Continuous automated red-teaming for LLMs and AI agents. branchbreak runs an attacker model that adapts — it discovers jailbreaks by iterative refinement and tree search, scores every finding against MITRE ATLAS, and gates CI/CD with an exit code. It is an authorized safety-evaluation tool: the shipped objectives are benign refusal-boundary surrogates, and it runs fully offline or against a real model.
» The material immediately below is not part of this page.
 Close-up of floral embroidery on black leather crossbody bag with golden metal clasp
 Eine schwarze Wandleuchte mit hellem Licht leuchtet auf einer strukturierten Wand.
Full write-up: what PAIR and TAP actually buy you
Most red-team tooling fires a fixed battery of prompts. The interesting attacks against modern models are not fixed — they are found by an attacker that reacts to what the target says. branchbreak implements three published algorithms for that, PAIR, TAP, and Crescendo, behind one CLI with enterprise reporting, scan history, alerting, and a CI/CD gate on top.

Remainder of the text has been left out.